Copy out each record that follows exactly, and omit any picture you find.

*-*-*

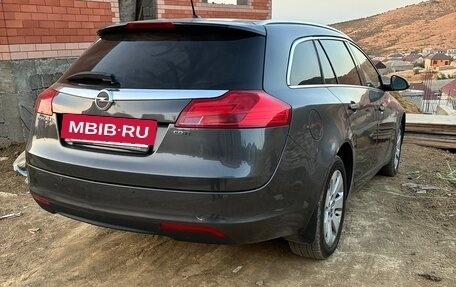 Opel Insignia II рестайлинг, 2010 год, 800 000 рублей, 3 фотография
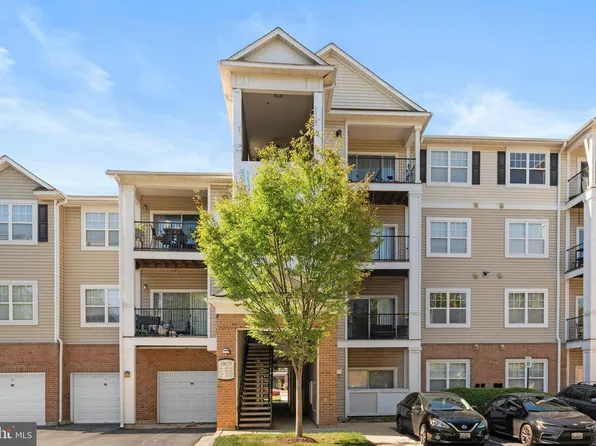19629 Galway Bay Cir APT 202, Germantown, MD 20874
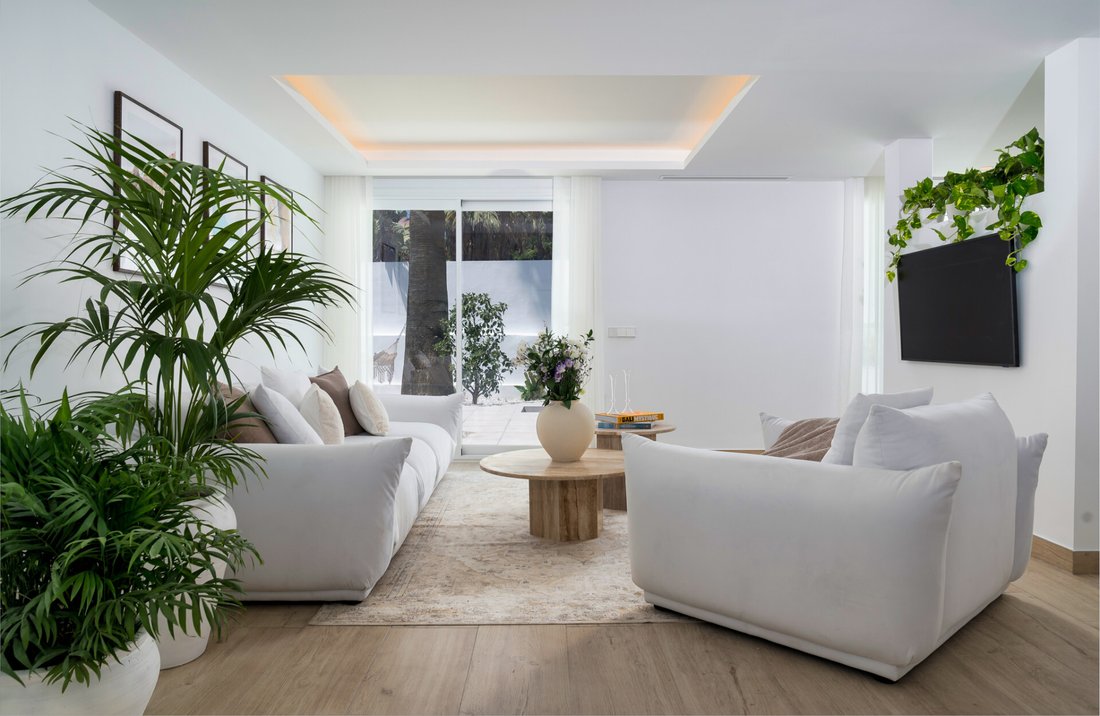 Villa en Playa Puerto Banús, Marbella, España 2 - 19077208
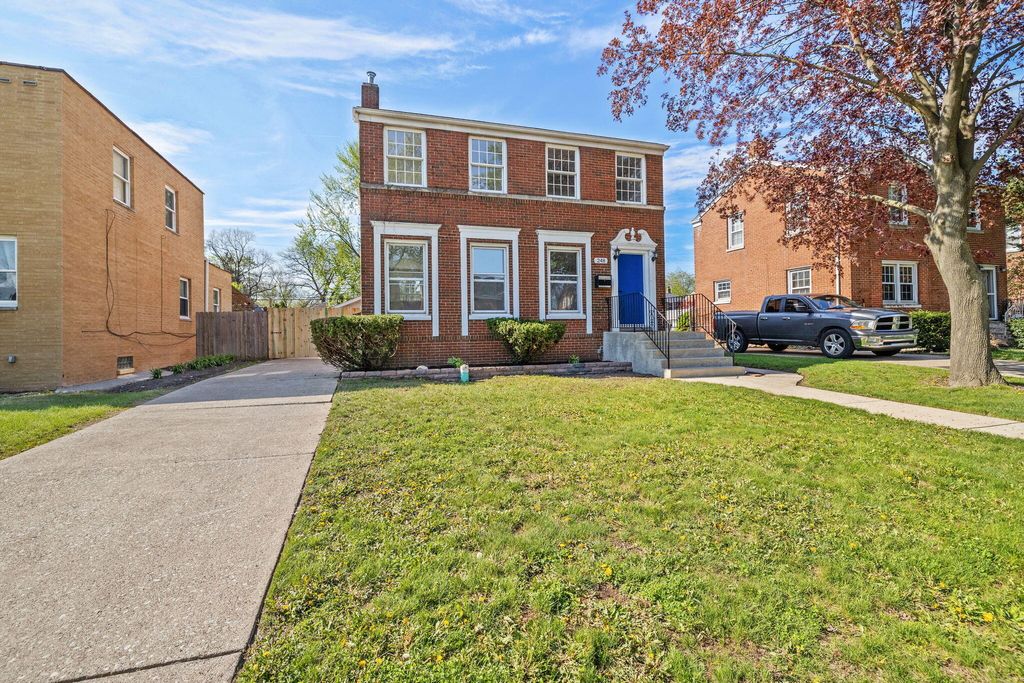 Photo of 248 Adelaide Place, Munster, IN 46321 (MLS # 837606)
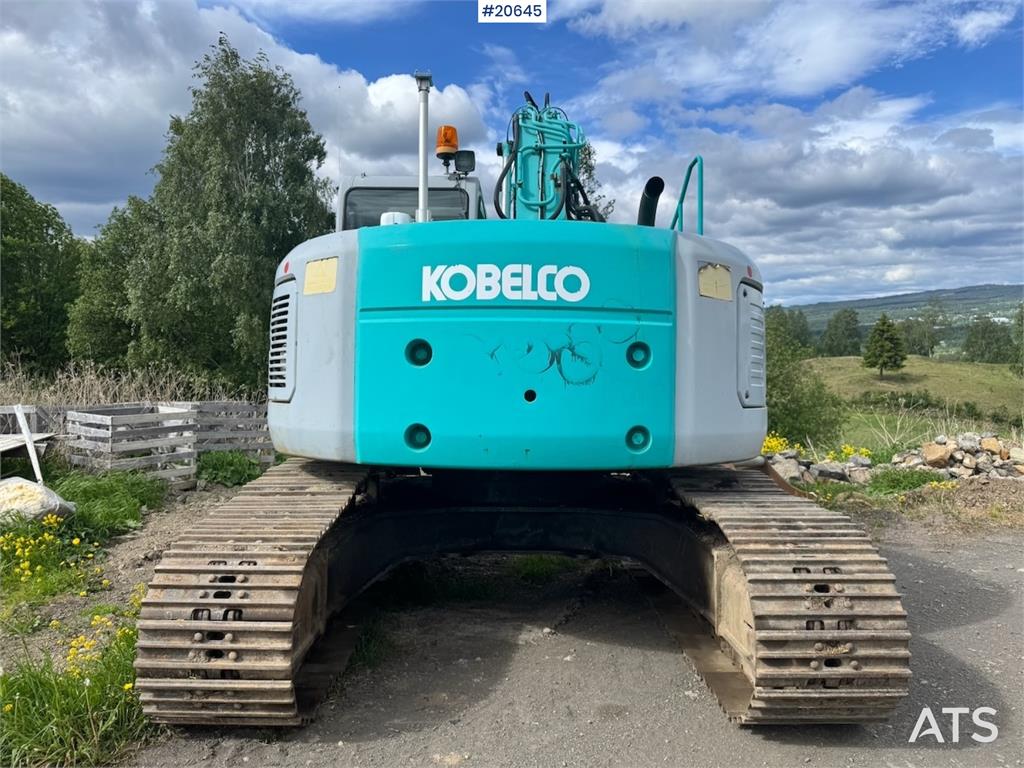 Kobelco SK235SR Tracked excavator w/ Rototilt and bucket. 2000 20645 SK235SR Tracked excavator w/ Rototilt and bucket. 200...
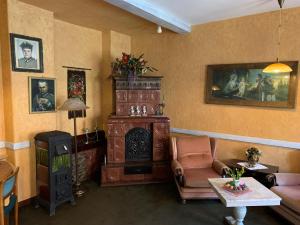 sala de estar con silla y chimenea en Apartament w Kamienicy, en Biskupiec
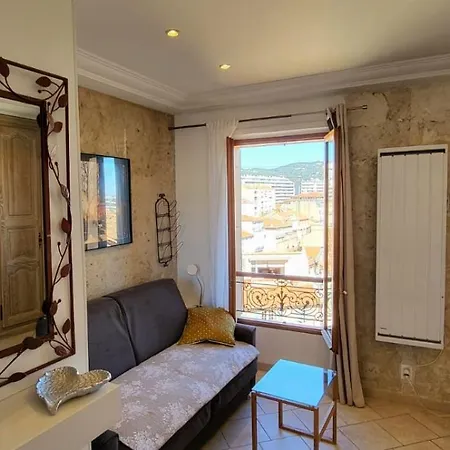 Cannes Studio Cosy-3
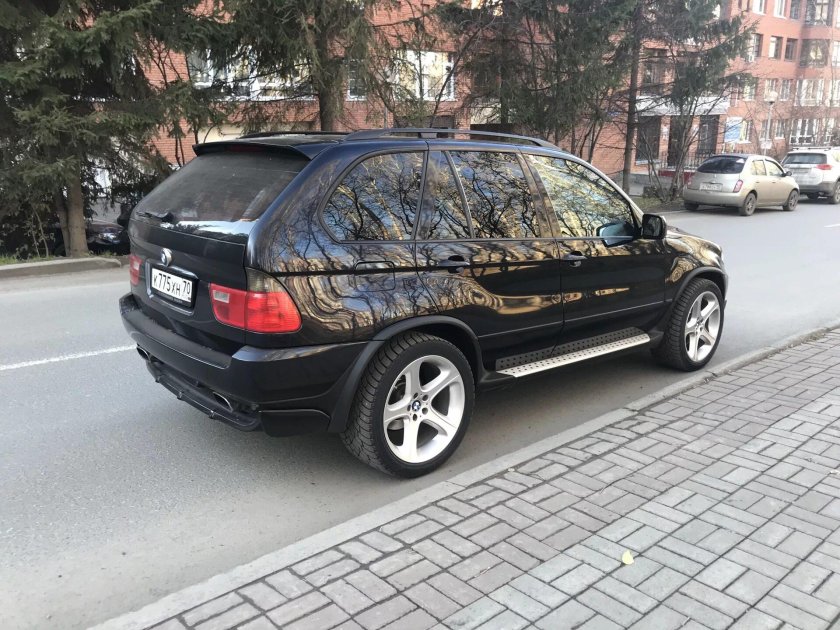 BMW x5 e53 r19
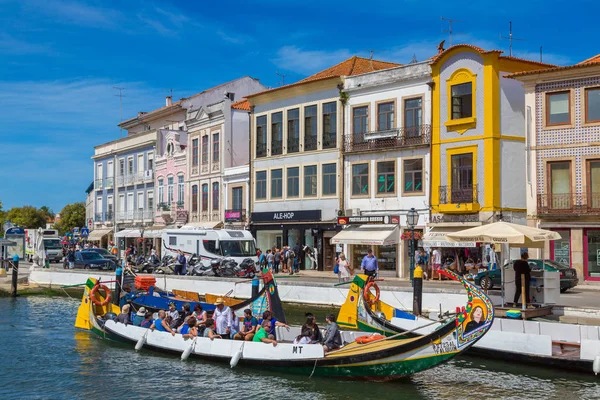 Traditionelles boot in aveiro, portugal — Stockfoto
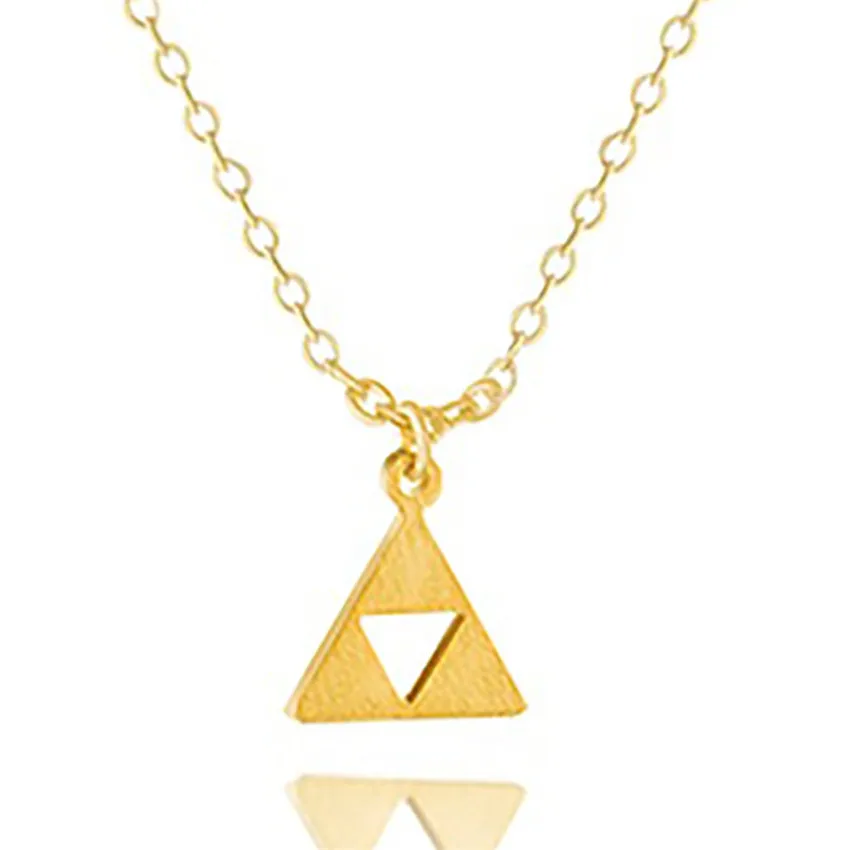 Collier Femme Anime The Legend Of Zelda Triforce Necklace Metal Figure Pendant Necklace Friendship Gift Triangle Chocker Jewelry
Collier Femme Anime The Legend Of Zelda Triforce Necklace Metal Figure Pendant Necklace Friendship Gift Triangle Chocker Jewelry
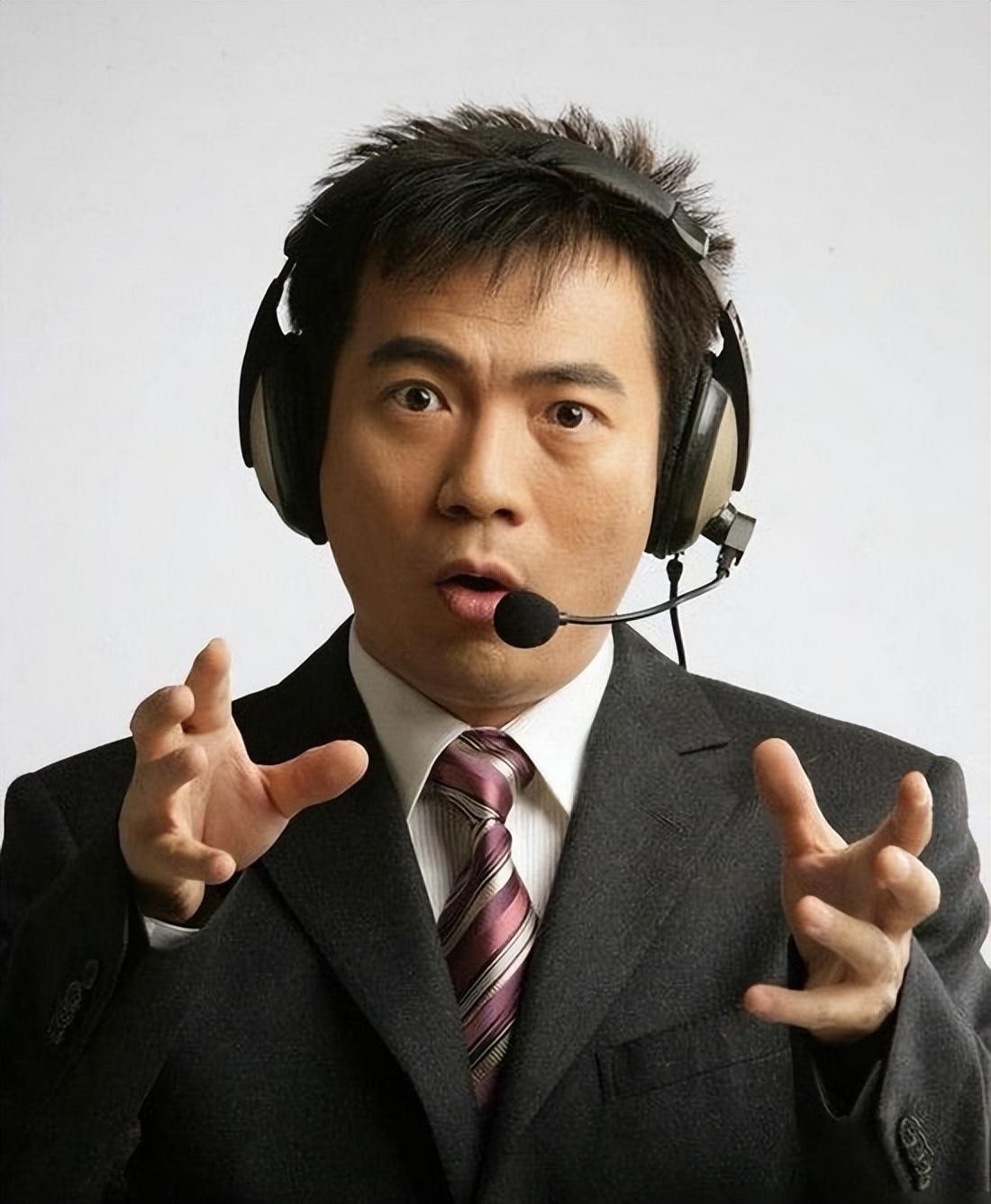 黄健翔解说罗纳尔多退役,黄健翔06年世界杯为什么辞职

*-*-*

▶ Task response
 Opel Insignia II рестайлинг, 2010 год, 800 000 рублей, 3 фотография
19629 Galway Bay Cir APT 202, Germantown, MD 20874
 Villa en Playa Puerto Banús, Marbella, España 2 - 19077208
 Photo of 248 Adelaide Place, Munster, IN 46321 (MLS # 837606)
 Kobelco SK235SR Tracked excavator w/ Rototilt and bucket. 2000 20645 SK235SR Tracked excavator w/ Rototilt and bucket. 200...
 sala de estar con silla y chimenea en Apartament w Kamienicy, en Biskupiec
 Cannes Studio Cosy-3
 BMW x5 e53 r19
 Traditionelles boot in aveiro, portugal — Stockfoto
 Collier Femme Anime The Legend Of Zelda Triforce Necklace Metal Figure Pendant Necklace Friendship Gift Triangle Chocker Jewelry
Collier Femme Anime The Legend Of Zelda Triforce Necklace Metal Figure Pendant Necklace Friendship Gift Triangle Chocker Jewelry
 黄健翔解说罗纳尔多退役,黄健翔06年世界杯为什么辞职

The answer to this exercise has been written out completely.